• _What is required_: Your answer must be the exact lines of the listing below that run from the line with "tree trunk 137565182" to the line with "Amour fou • François Constantin Amour", ends included, and no pictures.

• _Data shown_:
■ ■ ■ ■

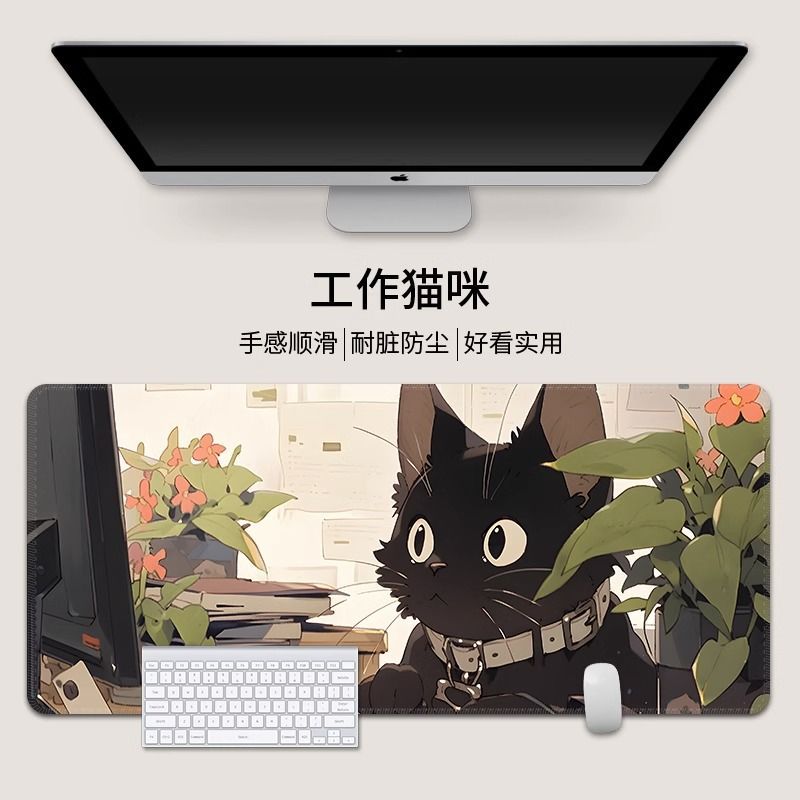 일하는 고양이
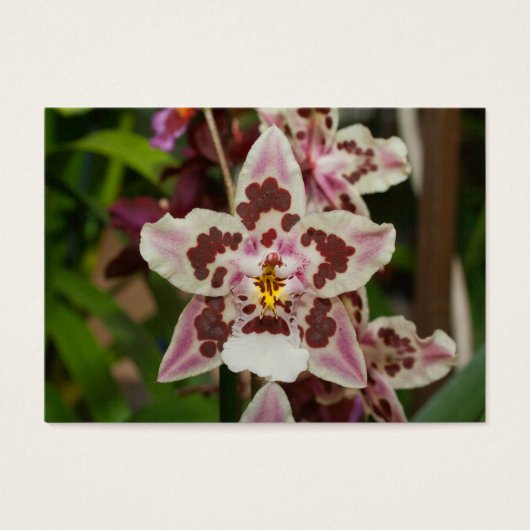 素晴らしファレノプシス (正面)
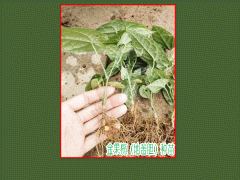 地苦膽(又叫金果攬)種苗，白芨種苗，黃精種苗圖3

■ ■ ■ ■

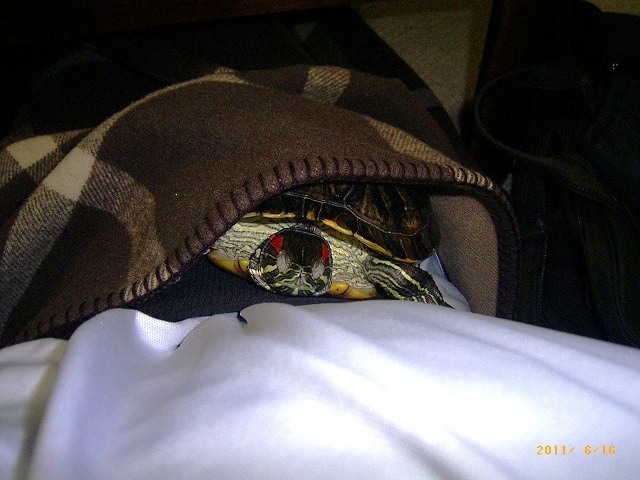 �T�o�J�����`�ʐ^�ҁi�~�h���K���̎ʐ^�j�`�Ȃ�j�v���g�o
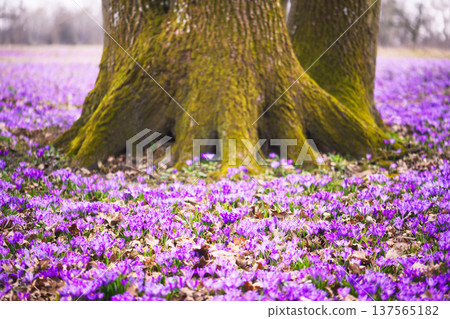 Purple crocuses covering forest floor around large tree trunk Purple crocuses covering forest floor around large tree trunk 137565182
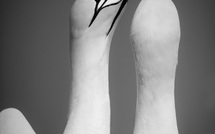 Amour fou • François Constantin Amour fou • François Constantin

■ ■ ■ ■

• _Solution to this task_:
 Purple crocuses covering forest floor around large tree trunk Purple crocuses covering forest floor around large tree trunk 137565182
 Amour fou • François Constantin Amour fou • François Constantin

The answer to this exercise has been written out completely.